Latest revision as of 10:41, 13 March 2017

1. Introduction

1.1 Purpose of the requirements document

This Software Requirements Specification (SRS) is designed to identify the requirements for our project called "GeoLoc Indoor". The main goal of the project is to provide a solution to indoor geolocalisation problem. We are bound to develop an application able to locate BLE beacon in a building. This is an open source project so that maybe people find an interest in our app in order to make it take a step further. This document is a guideline listing the functionalities offered by our application and the solutions that the system provides.


1.2 Scope of the product

Geoloc Indoor is a project with several possibilities of use. One of them could be when someone, equipped with the app on its smartphones, is looking for an object (emitting bluetooth) or a person in a building where each room contains sensors. Those sensors are linked to server computing the distance from the emitting beacons to the sensors and gives a location (room, distance, route) to the user.


1.3 Definitions, acronyms and abbreviations

  • OpenStreetMap (OSM) : is a collaborative project to create a free editable map of the world.
  • STM32 is a family of 32-bit microcontroller integrated circuits by STMicroelectronics. The STM32 chips are grouped into related series that are based around the same 32-bit ARM processor core, such as the Cortex-M7, Cortex-M4F, Cortex-M3, Cortex-M0+, or Cortex-M0. Internally, each microcontroller consists of the processor core, static RAM memory, flash memory, debugging interface, and various peripherals.
  • Arduino : Programmable microcontroller able to generate and analyse electric signals. The Arduino measures the BLE signals. Data is sent to a server which will compute a distance.
  • Raw data : Data returned by the sensor sent to the server computing the distance.

1.4 References

1.5 Overview of the remainder of the document

In the rest of the document, we will describe our objectives, the way the system is supposed to work and the constraints the project implies.

2. General description

2.1 Product perspective

The product is meant to be enabling people to locate things and to be located into a building. The user interface will contain a list of emitting beacons, a map where these beacons are located. The hardware interface contains a flow of data that a server receives and use in order to mesure the RSSI distance of the object. The freshly computed position is saved into a databased which is accessible from another side of the server. That server will send the data to Android clients via the MQTT protocol.

2.2 Product functions

  • Locate objects on a map
  • Locate people on a map
  • Find a way to get to the located object
  • Find a way to get to the located place in the building

2.3 User characteristics

The application can be used by anyone who wants to locate things emitting bluetooth (BLE) waves. The user has to be connected to internet. The user must have an Android smartphone (version 4.4.4 KitKat minimum), but we hope that in the future this application can be developped for any smartphone OS.

2.4 General constraints

  • The use of the STM32 board are a constraint, they can detect only BLE waves.
  • Developped in Java
  • Network connexion strong and unfiltering the opening of ports

3.Specific requirements, covering functional, non-functional and interface requirements

  • document external interfaces,
  • describe system functionality and performance
  • specify logical database requirements,
  • design constraints,
  • emergent system properties and quality characteristics.

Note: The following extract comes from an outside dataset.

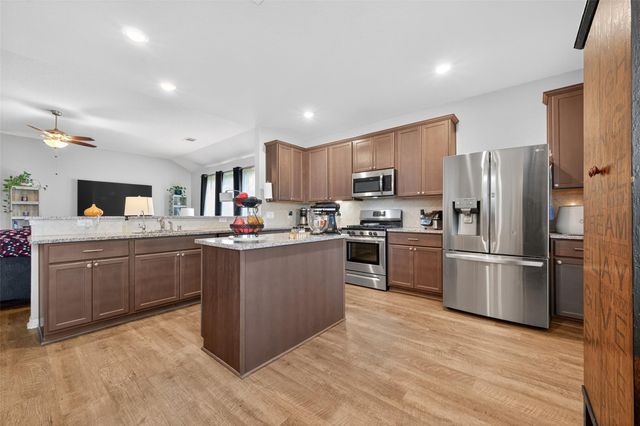 6207 Twin Fawns Drive, Conroe, TX 77303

3.1 Requirement 1 : Detecting advertising packets

Function: Detecting advertising packets

Description: Centrals (STM32, Genuino) receives advertising packets emitted by beacons.

Inputs: BLE signals

Source: TI beacons, iTag

Outputs: Packet content : String(not parsed) containing information about the source beacon and signal strength.

Destination: A local application which will parse the received string into a beacon object.

Action:

  • Detection of BLE signal

functional requirements: Centrals must detects advertising packets.

Pre-condition: Centrals must use passive listening mode. Centrals must use BLE technology. Packet must be on and emit advertising packet.

Post-condition:

Side-effects:


Non functional requirements: Identifiers between beacons must be unique. Packet must contain signal strength.

Pre-condition: Packet must be able to emit BLE signals.

Post-condition:

Side-effects:

3.2 Requirement 2 : Transferring data between centrals and local application

Function: Content of advertising packet is transferred.

Description: The "string" received by centrals is sent to the local application via USB

Inputs: String (content of BLE signals)

Source: Centrals (STM32, Genuino 101)

Outputs: Same string, no loss of information

Destination: Local application on a local machine (written in java)

Action:

  • Physical data transfert

functional requirements: Requirement 1.

Pre-condition: Centrals must be connected via USB to local application. local application must be launched.

Post-condition:

Side-effects:


Non functional requirements: none.

Pre-condition:

Post-condition:

Side-effects:


3.3 Requirement 3 : acquisition of data by local application

Function: getting, parsing and sending the data received from the STM32 boards to a PostGres database.

Description: The local application parse the data received from centrals into beacon object and send it.

Inputs: BLE signals (string format)

Source: centrals

Outputs: Beacon object encapsulated in a RestTemplate object in order to be sent to cloud database through POST HTTP request.

Destination: the database will be used by a server which will send the last position (or any position at a given time) to an android client

Action:

  • acquisition of data with computation of distance

functional requirements: Signal strength must be received.

Pre-condition: Local application must listen port event in order to detect when data is coming.

Post-condition:

Side-effects:

functional requirements: Received string must be parsed into beacon object.

Pre-condition: Received string must be in the right format.

Post-condition:

Side-effects:

functional requirements: Beacon object must be sent via POST HTTP request.

Pre-condition: received string must be parsed into beacon object + Beacon object must be encapsulated in a RestTemplate object

Post-condition:

Side-effects:

Non functional requirements: none

Pre-condition:

Post-condition:

Side-effects:


3.4 Requirement 4 : Compute the location of beacons

Function: Calculate the location of the beacons and save it in the PostGres Database.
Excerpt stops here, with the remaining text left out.